I’m a moderately experienced CUDA programmer, and have been optimizing code for multiple compute levels in a single program for a while. I understand the rules for coalesced reads and writes, especially the more stringent ones for compute level 1.1 and below. That being said, I don’t understand while the code I’ve profiled below has almost all reads uncoalesced. It’s called with 16 x 16 thread blocks, and as many blocks as needed to handle the 1920 x 1080 HD monochrome image I’m processing (120 x 68).
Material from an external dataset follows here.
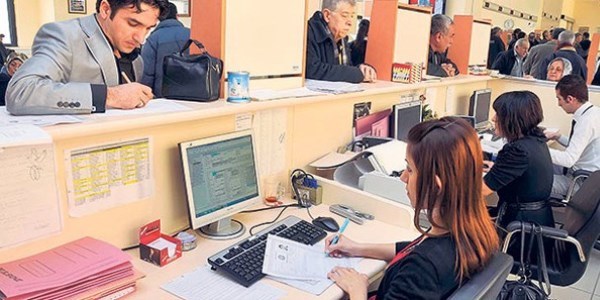 Türkiye kamu maliyesinde devleri geride bıraktı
Here’s a section of the Profiler output showing the 129k coalesced loads, 4.15 million uncoalesced loads, 0 uncoalesced writes and 518,400 coalesced writes.

186076 Normalize 32292.8 32319.5 1 8160 4.1472e+06 129600 0 518400

I looked at the address of the src pointer and it’s a multiple of 64 bytes, so it should be aligned (especially since I cudaMallocPitch’d it). The float3 stats structure holds the min, max and sum in .x, .y and .z variables. This function normalizes the src array to have a range of 0 to 1 (another function already figured out the min and max), so all it does is read in the data, scale it, and write it back out. Pretty simple, and more importantly, indexes a 4 byte variable that indexes along with threadIdx.x. This function should be perfectly coalesced (except perhaps overflow at the ends). Any ideas on why this doesn’t coalesce on the loads?

global_ void Normalize( float dest, size_t dest_pitch, float src, size_t src_pitch, const uint2 imgsize, const float3 stats)
{
unsigned int i = (blockIdx.y * blockDim.y) + threadIdx.y;
unsigned int j = (blockIdx.x * blockDim.x) + threadIdx.x;
// Are we inside the valid image area?
if ( j<imgsize.x && i<imgsize.y ) {
float rowptr=(float)((char
)src+i
src_pitch);
float unscaled=rowptr[j];
rowptr=(float
)((char*)dest+i*dest_pitch);
rowptr[j]=(unscaled-stats[0].x)/(stats[0].y-stats[0].x);
} // End if inside image area
__syncthreads();
} // End function Normalize

Is src_pitch 1920(or some other multiple of 128)? src pointer should be a multiple of 128 as well, not just 64.

The pitch of src is 7680 (1920 * 4 byte float), and an address assigned on one particular run was 43778048, which is 128 byte aligned (actually, it’s better than 256 byte aligned), so the alignment doesn’t appear to be the problem.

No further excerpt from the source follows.